Olympics and Television

This is a point-by-point discussion of the LA Times article found here.

TURIN, Italy — As Olympic TV ratings sagged over the last two weeks and viewers switched channels from the Games to “American Idol,” NBC got one piece of very good news.

The network’s website for the 2006 Turin Games, NBCOlympics.com, recorded 338 million page views through Saturday, more than doubling the number of hits from the 2002 Salt Lake City Games.

And that, some experts said, was promising not only for broadcasters but for the entire Olympic movement. “We are clearly in a new era,” said David Carter, executive director of the USC Sports Business Institute. “We have to see a new model for how the Olympics are delivered.”

The Internet could lead straight to a group that broadcasters and the International Olympic Committee covet most — young fans. Enmeshed in a world of text messaging, chat rooms and instant news, this demographic appears to be turned off by nightly packaged programming.

Actually, everyone was turned off by nightly packaged programming. This isn’t some reaction of the hip youth against old fogies, it’s the reaction of a country with a lot of channels to choose from against a ludicrous idea that people would watch 4 hours of olympics every night for two weeks.

For the last summer olympics I tried to record sports I wanted to see, but they were lost in gigantic 3 or 4 hour blocks that often didn’t even contain the sports they claimed would be shown. When I saw this year that it was the same thing, I didn’t even bother scheduling recordings.

With the time difference in Italy, that meant waiting around to watch events that had finished hours earlier.

“They’re saying, ‘What do you mean I can’t see it now?’ ” said Paul Swangard, managing director of the Warsaw Sports Marketing Center at the University of Oregon.

Not only are young consumers hungry for quick information, experts said, they are accustomed to paying for it.

I thought the internet was full of blood-sucking pirates who wouldn’t pay for anything?

Unlike their parents, who grew up watching over-the-air television and listening to the radio, the newer generation is comfortable with monthly cable bills and pay-per-view and spending money to download music.

In an odd way, putting more of the Games online with streaming video would hark back to the “Triplecast,” an old broadcasting experiment gone awry.

At the 1992 Barcelona Games, NBC offered a subscription package that gave viewers live and greatly expanded coverage. There weren’t many takers and the “Triplecast” flopped, considered something of a joke within the industry.

Yet, more than a decade later, the model might be updated.

“The notion of what it represented is not a bad idea in 2006,” Swangard said. “This idea that someone is willing to pay for the Olympics when they want it, how they want it.”

The tricky part will be figuring out how to package myriad events and how to charge for them.

NBC, I’ll save you millions of dollars and tell you the answer: Set up a TV schedule that lists exactly when events occur so that a Tivo or other recording device can record only the sports I want to watch.

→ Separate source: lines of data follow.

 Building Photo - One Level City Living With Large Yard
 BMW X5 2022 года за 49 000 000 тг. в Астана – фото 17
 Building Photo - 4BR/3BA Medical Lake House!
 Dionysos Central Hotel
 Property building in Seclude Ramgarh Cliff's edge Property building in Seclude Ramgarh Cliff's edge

Then upload every single event as separate clips online, so I can watch everything.

Should viewers have to subscribe to the entire Games? Might they be able to order specific events or days? And how can the IOC protect itself against piracy in a wide-open medium?

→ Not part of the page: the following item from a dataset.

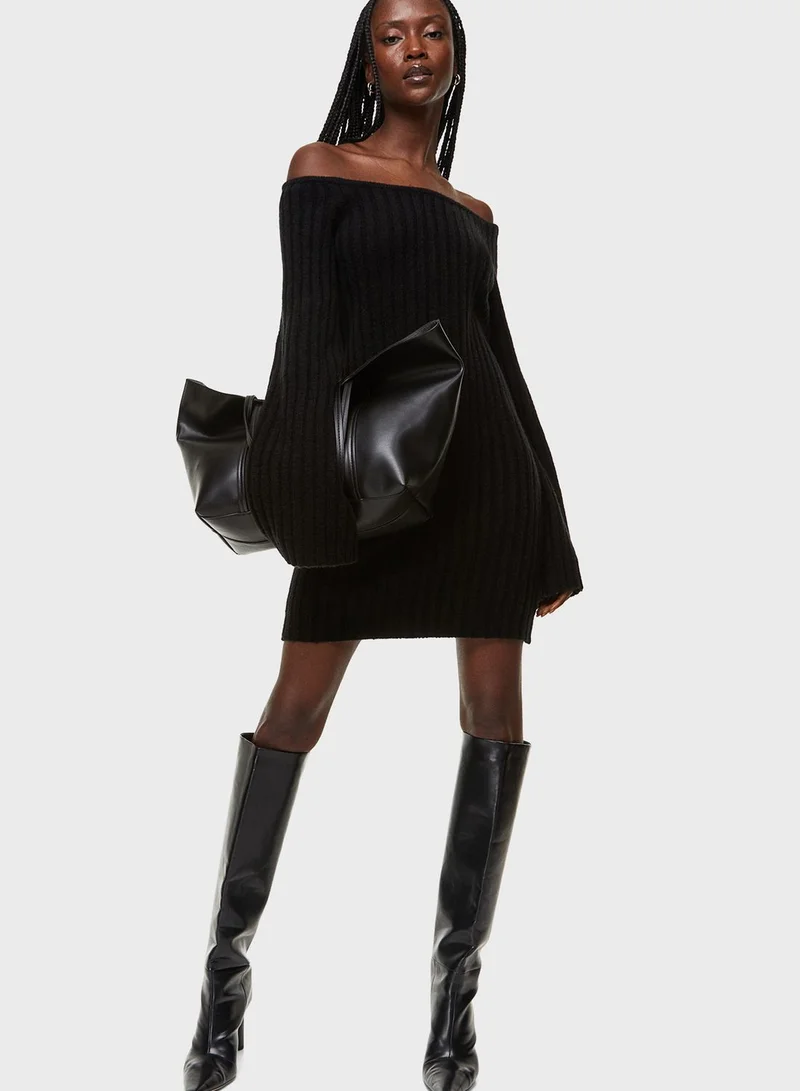 H&M Ribbed Knitted Dress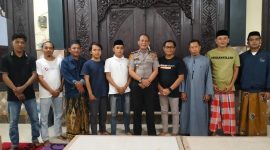 Kapolsek Bluto bersama sejumlah wartawan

Another free answer: a one-time fee for access to everything. It should cost 10$. After I pay my 10$ I can download and stream every single clip of every athlete in every event. Piracy will be a non-issue if you make it work on all three major platforms, provide decent resolution, and make it painless to search for whatever I want. Customizable, authenticated RSS feeds with enclosures would mean I could download just Jamaican Bobsledders, or only Sasha Cohen. This is all doable right now.

“It’s an incredible challenge and an incredible burden,” Carter said.

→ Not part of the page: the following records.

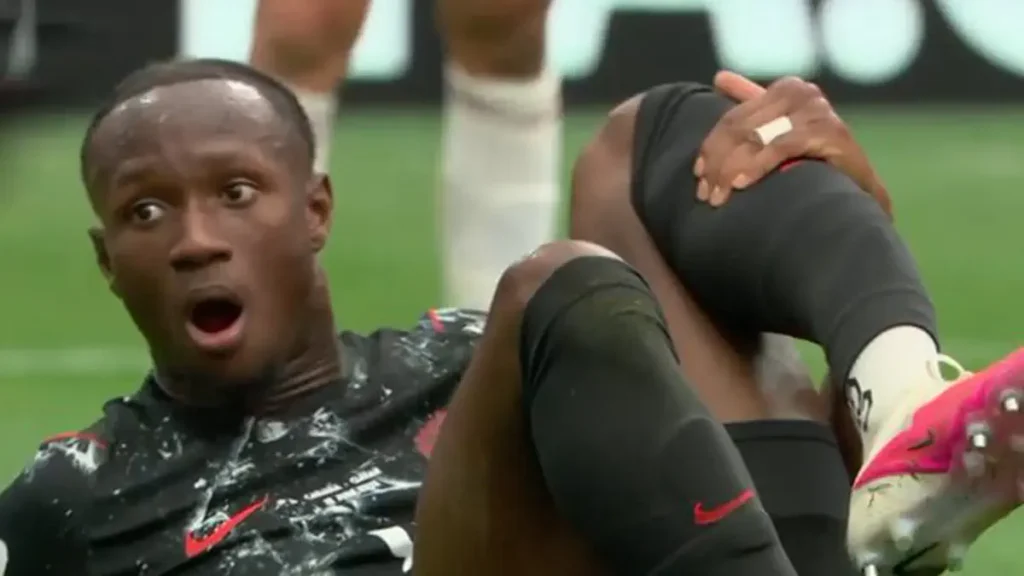 Canadian player suffers broken leg in match against Qatar (Video)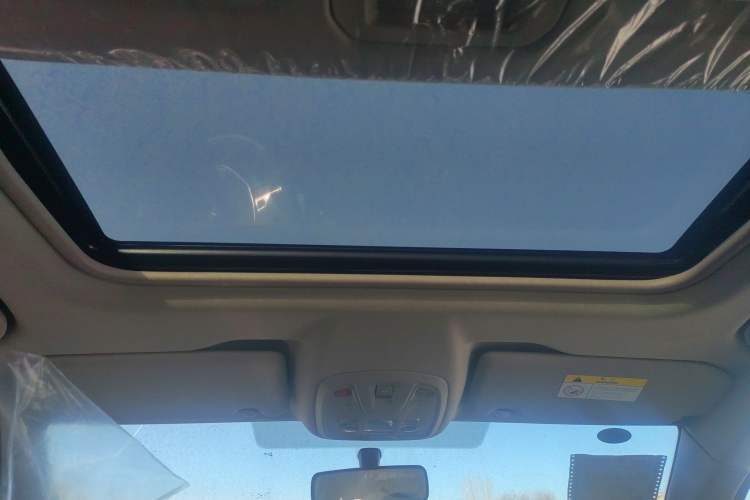 Used Peugeot 408 2022 1.6T Light-Chasing Edition
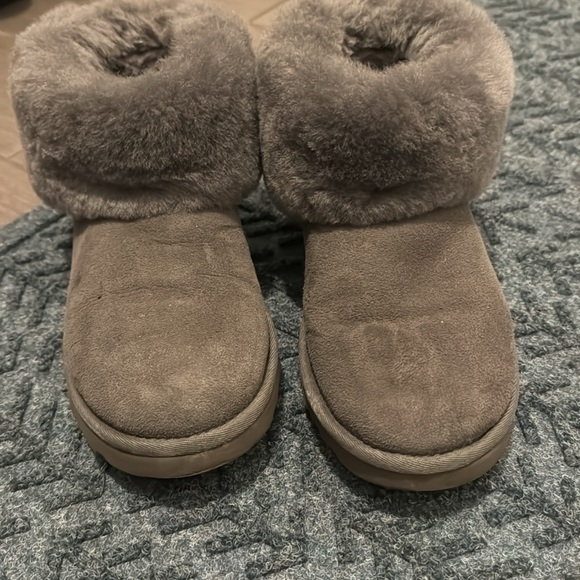 UGG Womens Classic Mini Fluff Boot - Picture 7 of 7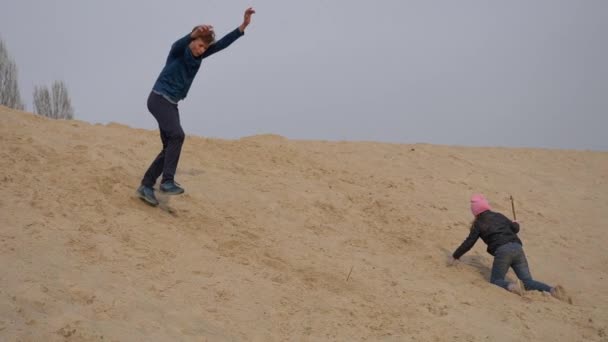子供やティーンエイジャーは 白い砂の上で楽しみを持っています パルクール — ストック動画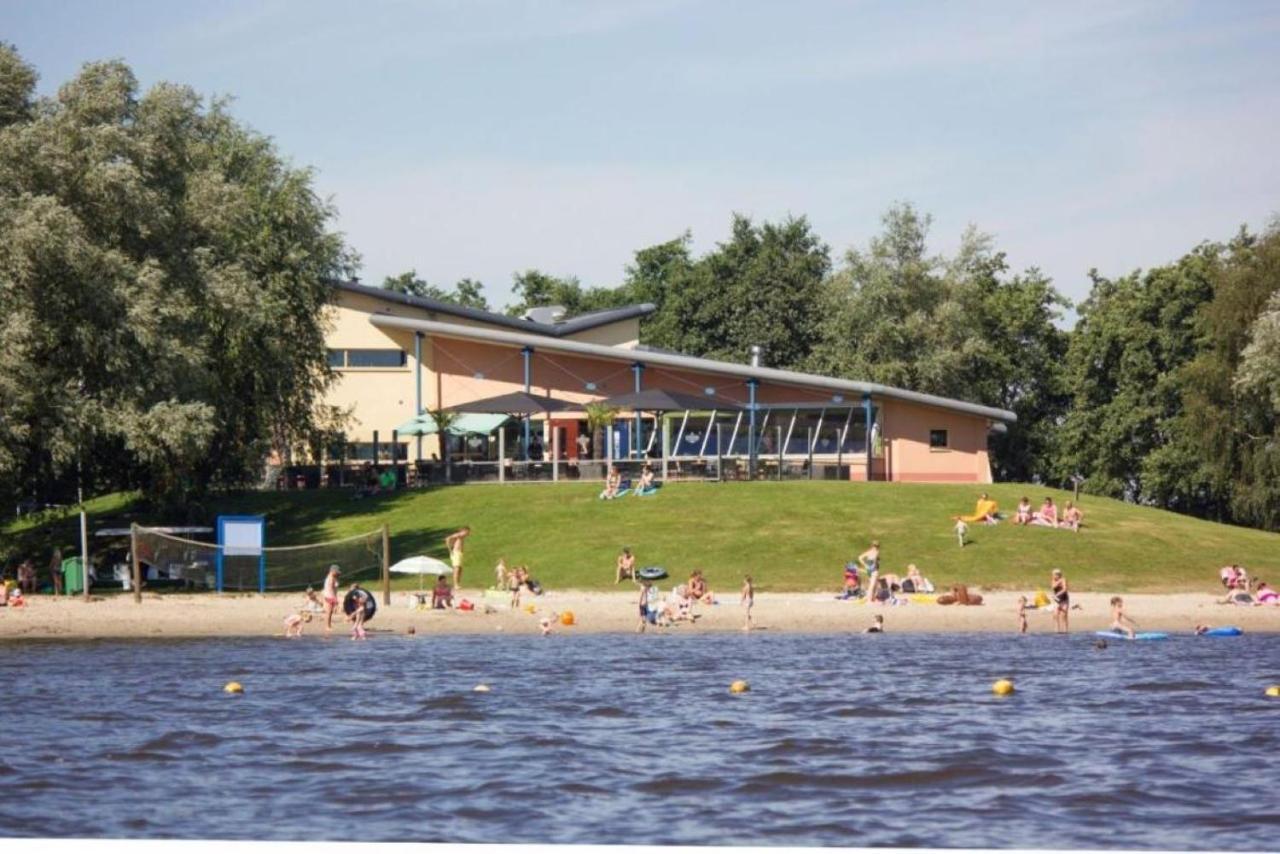 Willa Kajuit423 6Pers 5Sterren Vakantiepark Bergumermeer Aan Het Water In Friesland Met Zwembad Suameer Zewnętrze zdjęcie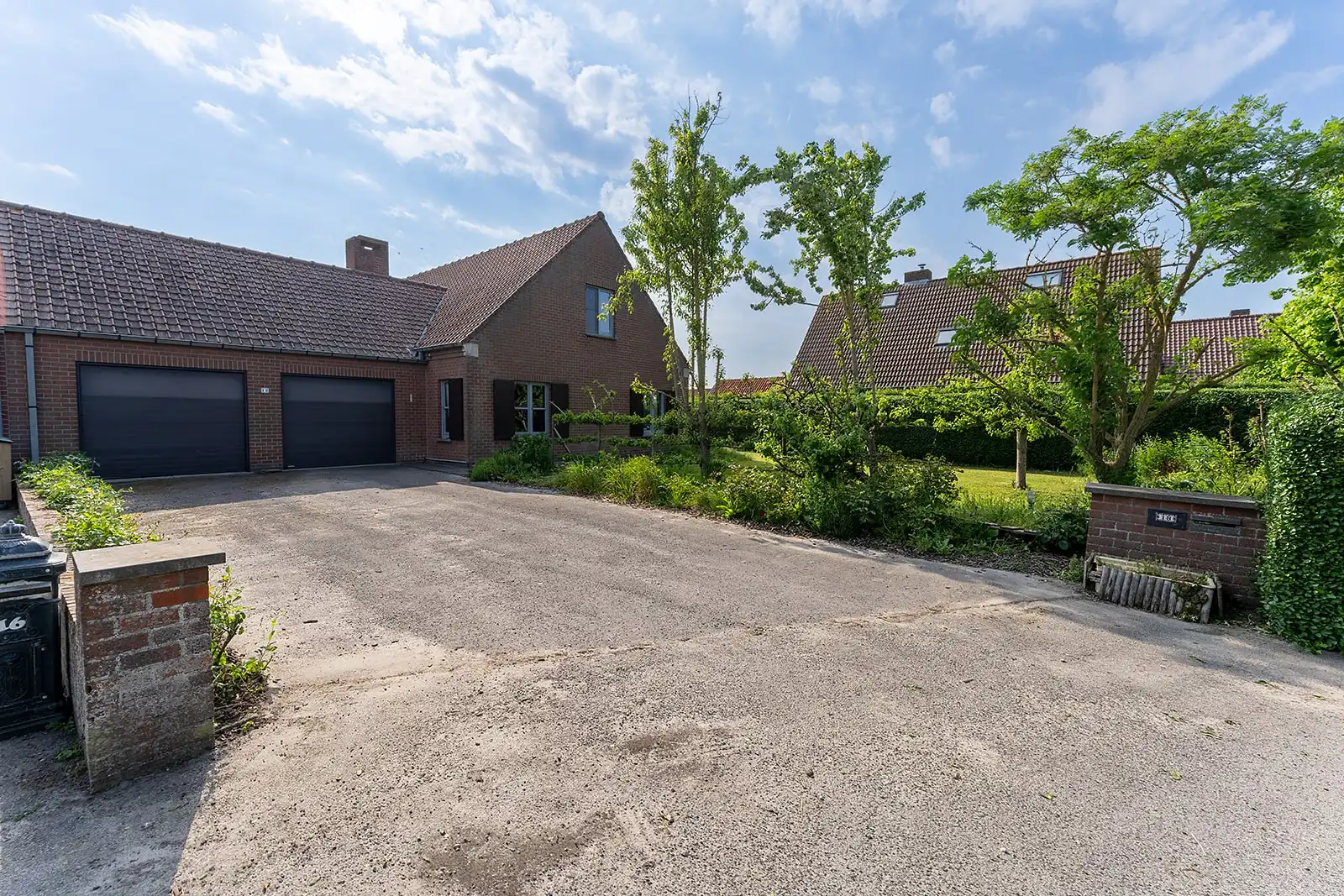 Zeer ruime woning op een perceel van 1000m² met dubbele garage in het landelijke Houtave. foto 2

In light of television ratings the last two weeks, it might be a challenge worth facing.

“For generations, the media has supplied [the Olympics] on their own terms,” Carter said. “Now consumers are demanding how they want it, and it’s about time the industry woke up.”

The crazy thing about this discussion is that it’s only happening after the Olympics, after the poor ratings that everyone predicted. Everyone knew the Olympics were going to bomb, and they did. How bad are the ratings going to have to get until NBC decides to try something different? Or will we have to wait until someone else buys the Olympics rights before anything changes?